PROBLEM STATEMENT: Give back the records that follow exactly, images excluded.

(Stored items)

◆ ◆ ◆

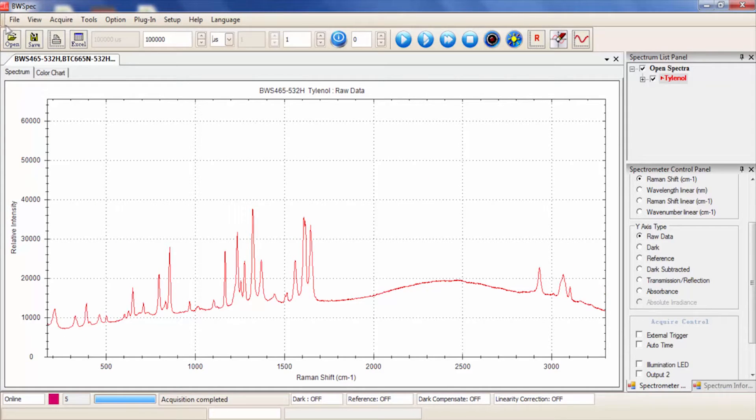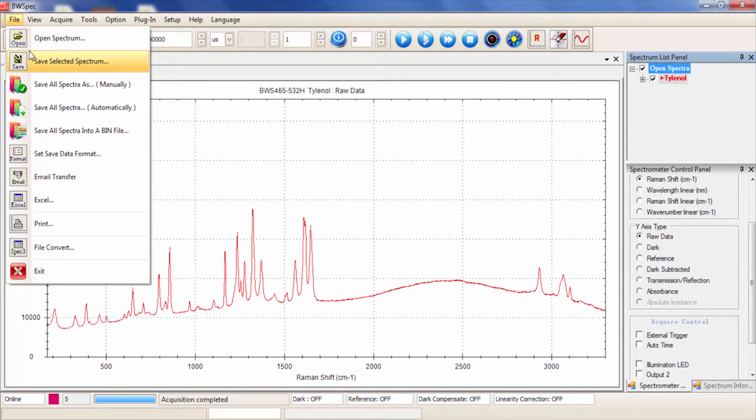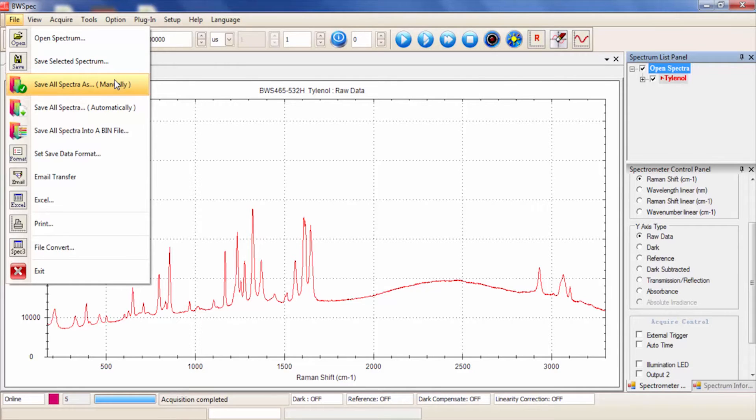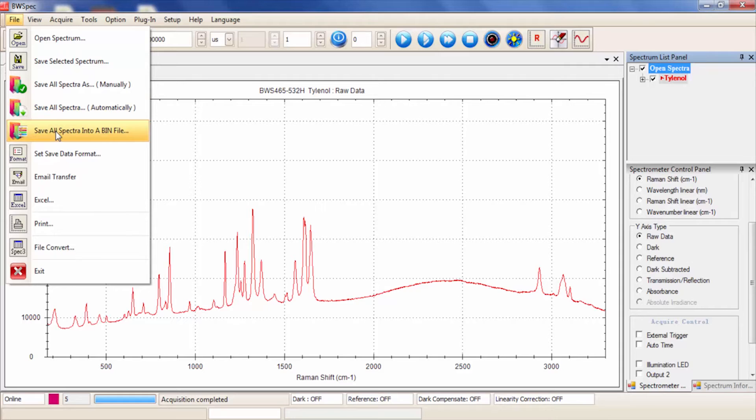You can also go to File and Save, which gives you all the options I just explained. If you have multiple spectra open, you can save them all at once and manually choose the file name, or automatically save them, which saves as the default name in the Spectrum List panel. If you want multiple spectra saved into the same file, save all spectra into the bin file.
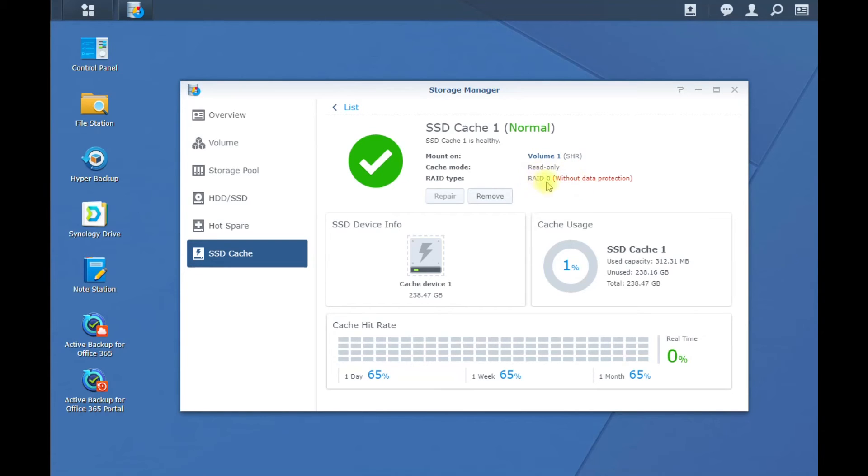Yeah, so RAID 1 would be two of these drives and then you can do the read and write caching but right now we just have the read caching.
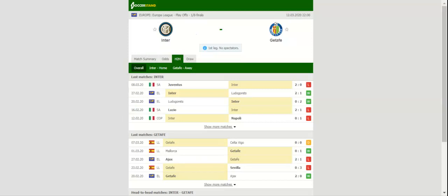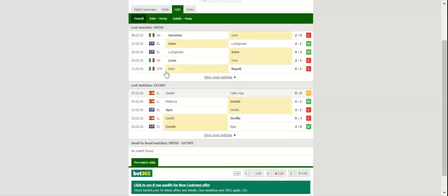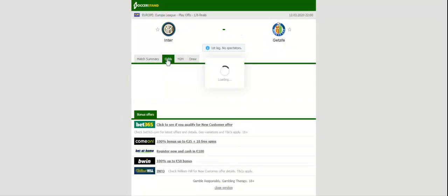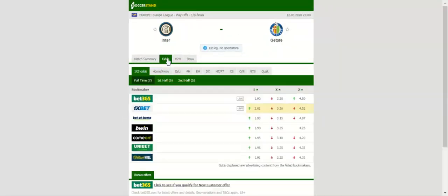As expected, Inter eliminated Ludogorets in the Europa League last 32, but the upcoming double-header against Getafe will be anything but a walk in the park for the Nerazzurri. Antonio Conte's troops are seen as one of the main favorites to win the competition.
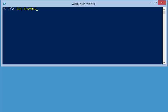Now, using PSReadLine, all I have to do is hold down the SHIFT key, hold down the CTRL key, and press the back arrow. When I do that, it highlights the P word, and now I can type PRO and press TAB and now I've got GET PROCESS.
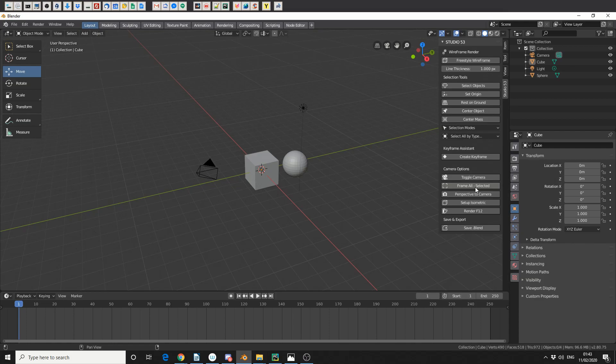Now, one thing that I did add that I thought might come in a little bit useful, and the reason I made this is because I was making a tutorial and I thought, this is a pain in the ass to set up. I might as well just script it. And it's called Setup Isometric.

◆ ◆ ◆

EXERCISE OUTPUT:
You can also go to File and Save, which gives you all the options I just explained. If you have multiple spectra open, you can save them all at once and manually choose the file name, or automatically save them, which saves as the default name in the Spectrum List panel. If you want multiple spectra saved into the same file, save all spectra into the bin file.
Yeah, so RAID 1 would be two of these drives and then you can do the read and write caching but right now we just have the read caching.
As expected, Inter eliminated Ludogorets in the Europa League last 32, but the upcoming double-header against Getafe will be anything but a walk in the park for the Nerazzurri. Antonio Conte's troops are seen as one of the main favorites to win the competition.
Now, using PSReadLine, all I have to do is hold down the SHIFT key, hold down the CTRL key, and press the back arrow. When I do that, it highlights the P word, and now I can type PRO and press TAB and now I've got GET PROCESS.
Now, one thing that I did add that I thought might come in a little bit useful, and the reason I made this is because I was making a tutorial and I thought, this is a pain in the ass to set up. I might as well just script it. And it's called Setup Isometric.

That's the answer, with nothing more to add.